The order, which was issued by the Financial Services Agency through its Kanto Local Finance Bureau, prohibits FTX Japan from conducting any business until December 9. FSA also ordered the exchange to hold all its assets domestically.
“It is necessary to take all possible measures to prevent a situation in which [Japanese customers’ assets] are leaked to a [foreign] affiliated company,” the order stated.
FSA’s action comes days after Sam Bankman-Fried filed Chapter 11 bankruptcy, signaling the collapse of a digital asset empire that was recently valued at $32 billion. Following an exposé that revealed the extent of interlinks between FTX and Alameda, and how SBF had been moving money from one entity to the other at will, investors became jittery, and a bank run ensued. Frantic efforts to raise billions from the likes of OKX, Bitfinex, Binance, and Tether failed, and SBF was pushed to the bankruptcy filing.
Despite being a separate entity from its parent company, FTX Japan halted withdrawals for its clients following the implosion. The exchange gave few details about when the withdrawals would resume.
In response, FTX clarified on social media that the Japanese subsidiary’s operations are independent of its parent company and that the two entities abide by Japan’s asset segregation laws.

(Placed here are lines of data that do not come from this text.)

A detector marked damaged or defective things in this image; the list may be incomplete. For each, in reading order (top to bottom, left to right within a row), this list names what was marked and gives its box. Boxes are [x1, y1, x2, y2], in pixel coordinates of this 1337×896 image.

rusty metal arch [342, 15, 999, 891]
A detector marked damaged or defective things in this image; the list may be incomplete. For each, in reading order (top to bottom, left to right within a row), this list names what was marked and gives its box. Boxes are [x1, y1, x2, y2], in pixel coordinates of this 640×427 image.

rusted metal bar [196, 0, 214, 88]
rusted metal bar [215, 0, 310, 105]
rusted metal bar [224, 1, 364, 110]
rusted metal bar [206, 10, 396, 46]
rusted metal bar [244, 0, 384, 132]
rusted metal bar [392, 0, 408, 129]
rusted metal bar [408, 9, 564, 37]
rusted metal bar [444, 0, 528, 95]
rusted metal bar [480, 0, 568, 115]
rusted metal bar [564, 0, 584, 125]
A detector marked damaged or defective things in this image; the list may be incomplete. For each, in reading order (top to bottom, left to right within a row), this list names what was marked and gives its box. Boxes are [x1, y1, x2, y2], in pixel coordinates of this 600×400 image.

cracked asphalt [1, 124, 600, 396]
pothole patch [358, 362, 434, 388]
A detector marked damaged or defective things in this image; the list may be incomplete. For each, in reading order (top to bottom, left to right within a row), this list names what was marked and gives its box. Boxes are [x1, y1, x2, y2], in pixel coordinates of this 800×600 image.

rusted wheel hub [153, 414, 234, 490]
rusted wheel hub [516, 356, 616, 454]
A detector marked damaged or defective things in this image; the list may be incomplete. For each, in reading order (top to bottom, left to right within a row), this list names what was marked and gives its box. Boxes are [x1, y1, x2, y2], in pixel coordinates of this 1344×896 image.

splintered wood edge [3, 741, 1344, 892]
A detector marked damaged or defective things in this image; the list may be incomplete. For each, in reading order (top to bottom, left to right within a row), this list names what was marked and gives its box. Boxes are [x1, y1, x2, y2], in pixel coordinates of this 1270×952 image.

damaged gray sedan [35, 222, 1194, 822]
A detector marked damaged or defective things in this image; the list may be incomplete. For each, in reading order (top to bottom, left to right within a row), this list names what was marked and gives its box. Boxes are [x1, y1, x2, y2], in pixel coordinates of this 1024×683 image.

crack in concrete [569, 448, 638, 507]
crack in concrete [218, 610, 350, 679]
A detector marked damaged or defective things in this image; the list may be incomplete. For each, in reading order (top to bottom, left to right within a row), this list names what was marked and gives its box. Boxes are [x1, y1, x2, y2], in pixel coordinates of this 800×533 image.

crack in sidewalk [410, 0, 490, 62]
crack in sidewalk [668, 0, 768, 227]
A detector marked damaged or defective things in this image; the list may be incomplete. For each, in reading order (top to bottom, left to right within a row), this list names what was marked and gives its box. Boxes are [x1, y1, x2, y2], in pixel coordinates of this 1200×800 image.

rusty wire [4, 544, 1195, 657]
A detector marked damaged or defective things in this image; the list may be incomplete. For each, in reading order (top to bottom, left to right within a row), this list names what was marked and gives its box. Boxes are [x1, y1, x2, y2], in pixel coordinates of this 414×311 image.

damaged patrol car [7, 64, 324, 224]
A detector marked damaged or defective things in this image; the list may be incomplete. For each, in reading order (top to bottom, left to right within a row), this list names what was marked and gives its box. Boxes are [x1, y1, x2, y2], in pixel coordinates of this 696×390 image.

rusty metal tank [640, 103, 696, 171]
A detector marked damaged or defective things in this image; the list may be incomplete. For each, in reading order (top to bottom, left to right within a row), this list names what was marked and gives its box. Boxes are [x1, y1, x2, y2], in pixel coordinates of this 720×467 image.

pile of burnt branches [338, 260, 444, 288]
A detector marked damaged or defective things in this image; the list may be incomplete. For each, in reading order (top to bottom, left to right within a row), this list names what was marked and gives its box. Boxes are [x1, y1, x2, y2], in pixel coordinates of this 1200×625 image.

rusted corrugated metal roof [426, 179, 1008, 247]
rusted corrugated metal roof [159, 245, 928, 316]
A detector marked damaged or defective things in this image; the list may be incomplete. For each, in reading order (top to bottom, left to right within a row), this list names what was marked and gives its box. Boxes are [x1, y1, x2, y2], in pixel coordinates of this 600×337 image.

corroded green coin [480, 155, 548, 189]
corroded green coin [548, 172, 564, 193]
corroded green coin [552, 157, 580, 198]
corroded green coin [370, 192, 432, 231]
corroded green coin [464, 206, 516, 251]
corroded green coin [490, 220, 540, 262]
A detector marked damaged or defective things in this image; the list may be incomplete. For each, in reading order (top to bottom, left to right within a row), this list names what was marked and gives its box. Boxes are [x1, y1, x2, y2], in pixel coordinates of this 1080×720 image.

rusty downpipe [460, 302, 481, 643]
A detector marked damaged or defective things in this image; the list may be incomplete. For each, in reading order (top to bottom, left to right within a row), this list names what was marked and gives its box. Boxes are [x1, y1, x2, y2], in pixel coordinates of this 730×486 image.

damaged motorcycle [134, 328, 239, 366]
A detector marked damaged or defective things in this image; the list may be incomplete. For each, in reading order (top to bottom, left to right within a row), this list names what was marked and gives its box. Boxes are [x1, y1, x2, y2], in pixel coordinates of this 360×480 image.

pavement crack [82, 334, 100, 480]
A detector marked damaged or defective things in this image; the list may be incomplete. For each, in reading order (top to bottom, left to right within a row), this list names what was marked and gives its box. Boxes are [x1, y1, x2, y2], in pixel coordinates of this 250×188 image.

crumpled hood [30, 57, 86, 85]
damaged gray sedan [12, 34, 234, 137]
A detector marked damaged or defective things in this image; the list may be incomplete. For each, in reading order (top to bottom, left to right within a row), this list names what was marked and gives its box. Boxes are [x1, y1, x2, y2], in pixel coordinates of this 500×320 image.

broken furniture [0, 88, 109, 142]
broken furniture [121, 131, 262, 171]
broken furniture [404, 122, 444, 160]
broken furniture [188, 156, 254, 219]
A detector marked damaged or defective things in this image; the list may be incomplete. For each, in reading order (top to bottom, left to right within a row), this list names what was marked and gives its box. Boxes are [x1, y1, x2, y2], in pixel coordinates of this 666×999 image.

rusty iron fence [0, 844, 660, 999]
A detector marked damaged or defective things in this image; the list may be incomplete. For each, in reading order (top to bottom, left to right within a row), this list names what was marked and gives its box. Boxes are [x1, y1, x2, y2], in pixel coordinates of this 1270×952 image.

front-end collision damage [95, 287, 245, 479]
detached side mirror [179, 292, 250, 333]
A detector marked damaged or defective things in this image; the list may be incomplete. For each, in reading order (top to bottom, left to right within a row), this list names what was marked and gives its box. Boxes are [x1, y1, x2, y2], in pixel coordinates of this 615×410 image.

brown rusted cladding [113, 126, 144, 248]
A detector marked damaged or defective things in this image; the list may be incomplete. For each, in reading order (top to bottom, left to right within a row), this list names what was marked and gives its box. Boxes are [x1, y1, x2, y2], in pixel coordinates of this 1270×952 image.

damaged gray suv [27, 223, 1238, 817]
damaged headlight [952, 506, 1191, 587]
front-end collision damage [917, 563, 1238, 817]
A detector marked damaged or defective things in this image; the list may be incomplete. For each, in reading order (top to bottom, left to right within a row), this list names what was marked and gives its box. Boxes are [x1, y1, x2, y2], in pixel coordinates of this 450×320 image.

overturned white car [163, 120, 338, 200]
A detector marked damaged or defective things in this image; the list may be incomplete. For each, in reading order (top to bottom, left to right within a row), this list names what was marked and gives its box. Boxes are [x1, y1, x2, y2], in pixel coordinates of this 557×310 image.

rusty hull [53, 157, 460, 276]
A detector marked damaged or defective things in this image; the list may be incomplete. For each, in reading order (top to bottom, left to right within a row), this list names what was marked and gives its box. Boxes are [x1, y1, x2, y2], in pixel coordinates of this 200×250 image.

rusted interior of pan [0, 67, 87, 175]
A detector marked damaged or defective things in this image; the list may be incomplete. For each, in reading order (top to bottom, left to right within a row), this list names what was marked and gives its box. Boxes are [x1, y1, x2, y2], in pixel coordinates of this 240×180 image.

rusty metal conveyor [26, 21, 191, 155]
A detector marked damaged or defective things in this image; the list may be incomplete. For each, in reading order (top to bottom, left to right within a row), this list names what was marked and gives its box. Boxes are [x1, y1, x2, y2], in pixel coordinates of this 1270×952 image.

We are following the guidance of the JFSA and will be putting https://t.co/XblZK9n7s1 into close-only mode @FTX_JP is a separate entity that strictly follows the Japanese regulation on asset segregation https://t.co/q3bYGEuNIw
— FTX (@FTX_Official) November 10, 2022
FTX Japan released a snapshot of its reserves over the weekend to further distance itself from the parent entity’s collapse, showing that its cold wallets held digital assets in excess of its clients’ assets. The snapshot showed that the exchange had $140 million in its wallets.